Well, but this is supposed to be about MSX, and it is! The better
the compression rate, more memory the archiving program will require
(there is a wider range of combinations to test). About speed, well,
that's another story. Taking a quick look at A.C.T., it's possible
to notice that some programs are really fast when not trying maximum
compression, and even so can reach really amazing rates. Oh, yes,
some of that programs are free and have the sources available.
The problem with MSX is that it is a small "niche". How many
PC users would be able to handle PMA files? How many types of
files can be read and manipulated in PC and in MSX? Yes, the
proportion of scaring. MSX can read, let me see, about five types
(LHA/LZH, ZIP [seems to be troublesome], PMA, ARJ and softhouse
custom packers). Well, check A.C.T. and try to count the number of
different packers available (it is explicited nowhere in the Page,
but it is for _PC_ compressors). Of course, if you take the problem
to other systems, you go crazy (have any of you stumbled into a
packer named "stuffit", for Mac?) or is completely ignored (how
would a common Mac user read a PMA file?) I think the easier
solution is to adopt one packer, one accepted by as many systems
as possible (LHA, Zip, Arj, RAR etc.) I don't like to admit it,
but Zip is the most widespread (I use Info-ZIP freeware, not the
PKWare original). A good MSX port of it would be nice, but it
requires a lot of C libraries (I'm not sure MSX can deal with it).

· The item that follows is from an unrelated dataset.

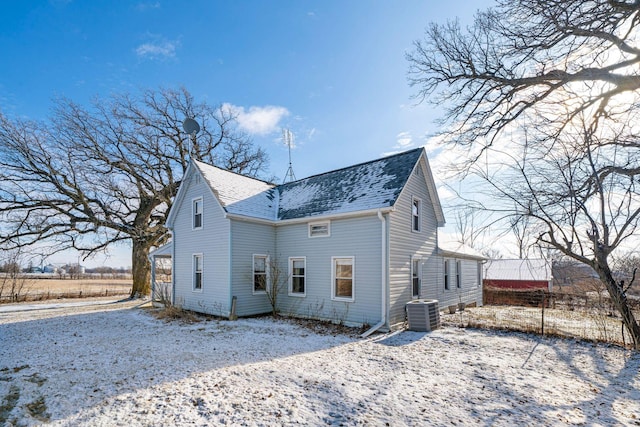 snow covered property featuring central AC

It is good to have all that in mind before starting to design a
new and incompatible compressor for MSX (I once made one in BASIC,
using pure Huffman - it took half an hour to compress a 16KB
file...!)
Anime trivia: when I was in Japan in the beginning of 1997,
a new Ghibli "anime" was arriving the local theaters: "Mononoke
Hime" (Princess Mononoke). Only last week, two years later, I
could watch it. Wonderful! If you have the chance to see it, do
it now! The same producers of "Nausicaa", "Tonari no Totoro"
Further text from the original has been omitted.